Music Review: Sonic Youth
Sonic Youth's latest album The Destroyed Room: B-Sides and Rarities starts out predictably enough with a heavy dose of twangy, ambient noise in the song "Fire Engine Dream." The first track is not without a certain driving rhythm, however, and its experimental tone is not without structure. The ample guitar section ascends through twisting mazes of heavy, dizzying sound as the first track winds through its more than ten-minute length without a single vocal interruption. The next track, one called "Fauxhemians," found its inspiration, appropriately enough, in an essay about New York City beat artists.

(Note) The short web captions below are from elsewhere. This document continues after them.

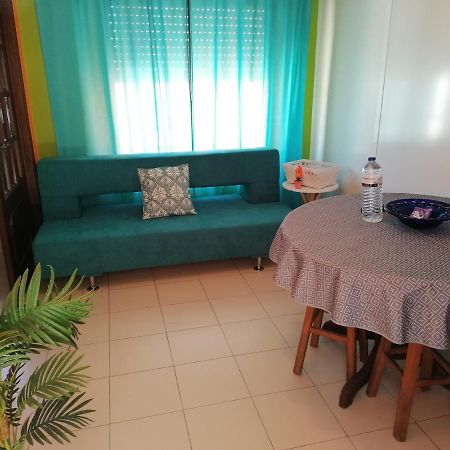 Sossego Junto A Praia Виейра де Лейрия Екстериор снимка
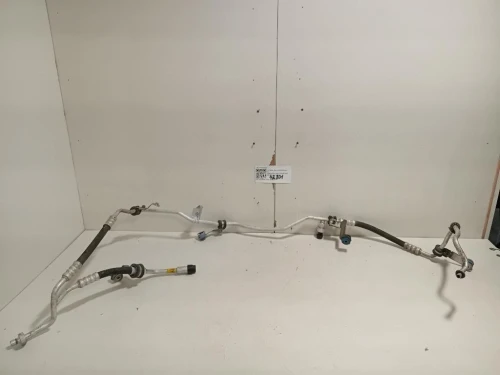 Flessibile AC Compressorecondensatore 51884458A Fiat 500L 2013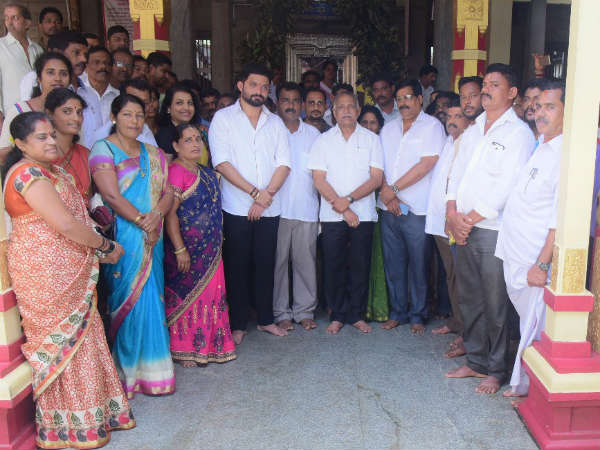 ಗೃಹ ಖಾತೆ ಸಮರ್ಥವಾಗಿ ನಿಭಾಯಿಸುತ್ತೇನೆ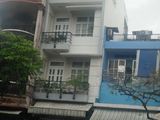 Nhà Mtkd Đường Số 6 Gần Góc Đường Số 1, Dt 4X20M, 3,5 Tấm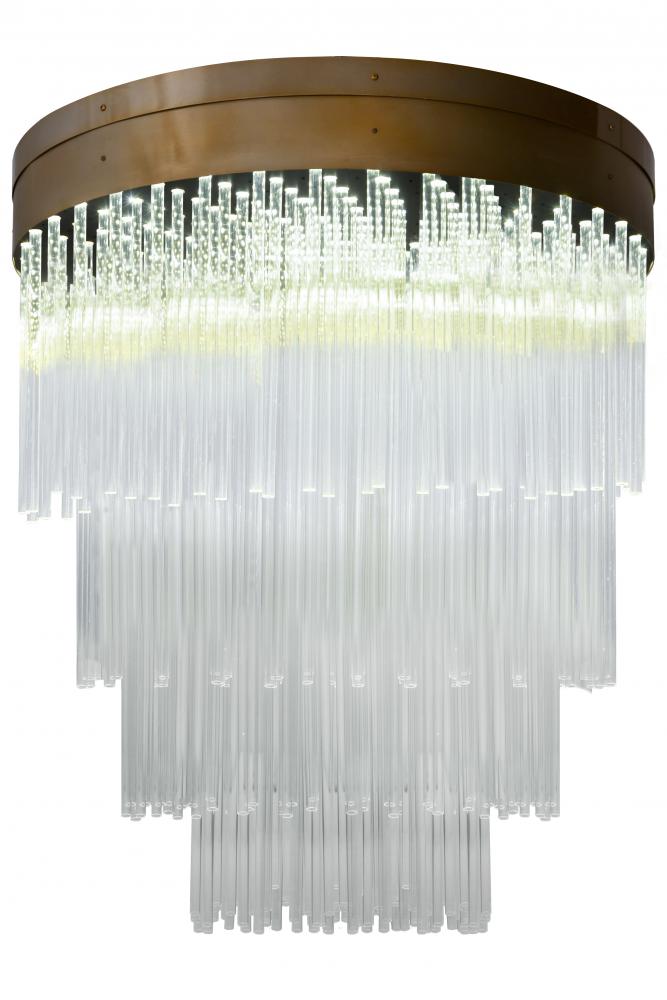 48&#34; Wide Havasu Cascading Pendant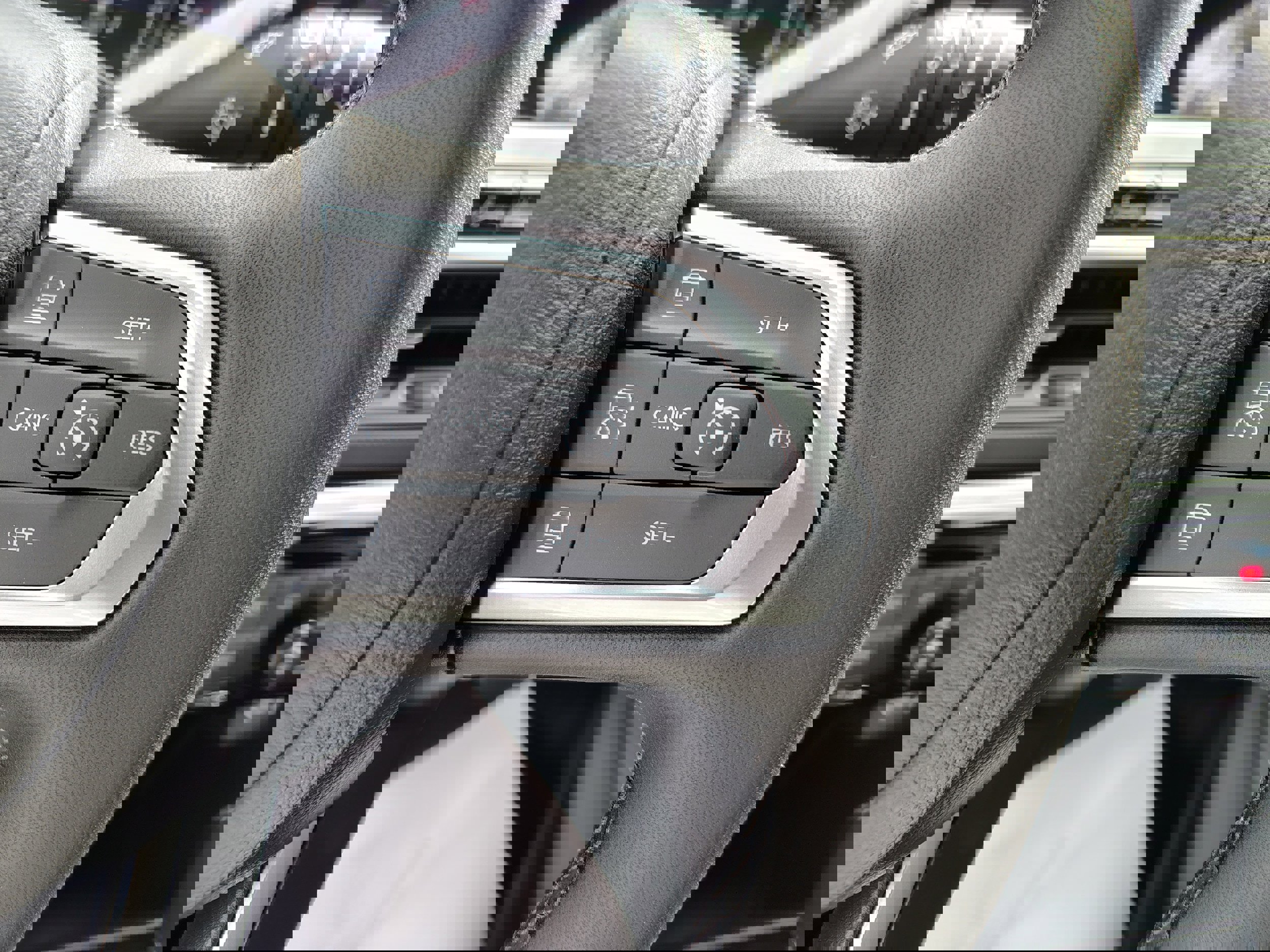 New 2026 Jeep Compass Limited image 31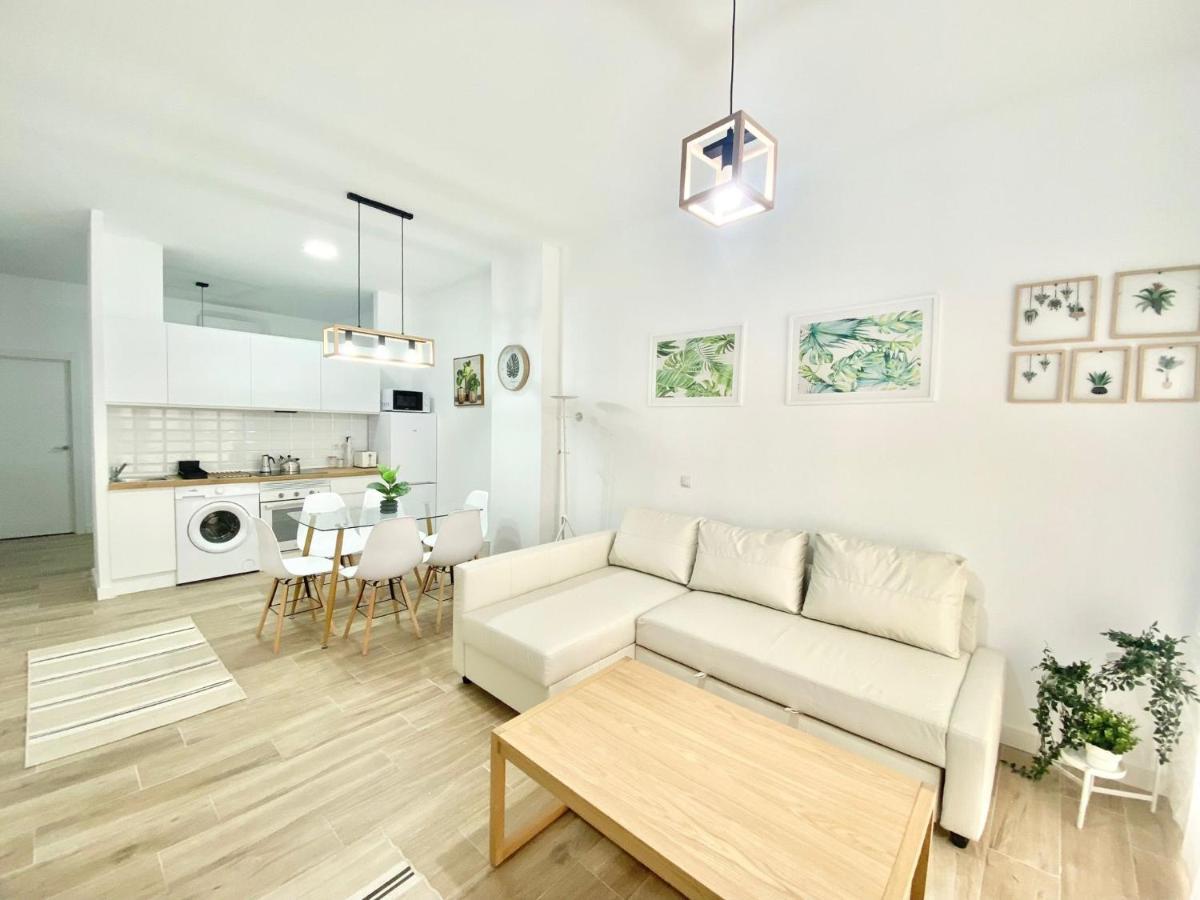 Puente Praga Aparment Apartment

Less radio-friendly than their two previous albums, "Sonic Nurse" and "Rather Ripped," the album contains excerpts of often very experimental jam sessions from throughout the group's twenty-six year career. It would be the equivalent of Nirvana's less-than-well-known album Incesticide.
Track three, entitled "Razor Blade," a song with Kim Gordon on vocals, has a strange country twinge to it, and I suspect a slide was used on the guitar. It barely tops one minute, an uncharacteristically brief length for a Sonic Youth song. The following track, "Blink," also features Kim on vocals, listlessly whispering her off-the wall lyrics in her classic style to a very mellow musical accompaniment strangely reminiscent of a human heartbeat.
I'd have to say that one of my favorite songs on this album is track seven, "Kim's Chords," an extremely upbeat tune (although it does descend into a more down-tempo section at one point) extracted from jam sessions associated with a much darker record (Sonic Nurse). This track also has some enjoyable soloing by guitarist Lee Ranaldo. Track eight, "Beautiful Plateau," is also an appealing tune, a mournful movement that ends rather abruptly. The tracks on the second half of the album are generally more captivating, and it all culminates in a previously-unreleased, twenty-five minute jam-session version of the band's classic track "The Diamond Sea.."
To tell you the truth, I think this album may turn off all but the most diehard Sonic Youth fans. If you're just getting into these guys I'd suggest Goo (1990), Dirty (1992), A Thousand Leaves (1998), Sonic Nurse (2004), or Rather Ripped (2006).